------ DATA RECORDS ------

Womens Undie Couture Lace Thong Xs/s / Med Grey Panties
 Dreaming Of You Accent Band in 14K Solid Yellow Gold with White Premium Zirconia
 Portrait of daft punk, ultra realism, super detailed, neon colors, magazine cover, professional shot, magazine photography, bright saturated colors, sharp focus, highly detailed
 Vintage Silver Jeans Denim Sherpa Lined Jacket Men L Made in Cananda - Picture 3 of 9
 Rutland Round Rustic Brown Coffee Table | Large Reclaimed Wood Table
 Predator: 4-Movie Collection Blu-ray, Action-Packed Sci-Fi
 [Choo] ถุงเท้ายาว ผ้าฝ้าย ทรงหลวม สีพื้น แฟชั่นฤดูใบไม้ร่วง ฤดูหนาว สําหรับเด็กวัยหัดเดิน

------

All of the entries should be transcribed exactly as they appear.

Womens Undie Couture Lace Thong Xs/s / Med Grey Panties
 Dreaming Of You Accent Band in 14K Solid Yellow Gold with White Premium Zirconia
 Portrait of daft punk, ultra realism, super detailed, neon colors, magazine cover, professional shot, magazine photography, bright saturated colors, sharp focus, highly detailed
 Vintage Silver Jeans Denim Sherpa Lined Jacket Men L Made in Cananda - Picture 3 of 9
 Rutland Round Rustic Brown Coffee Table | Large Reclaimed Wood Table
 Predator: 4-Movie Collection Blu-ray, Action-Packed Sci-Fi
 [Choo] ถุงเท้ายาว ผ้าฝ้าย ทรงหลวม สีพื้น แฟชั่นฤดูใบไม้ร่วง ฤดูหนาว สําหรับเด็กวัยหัดเดิน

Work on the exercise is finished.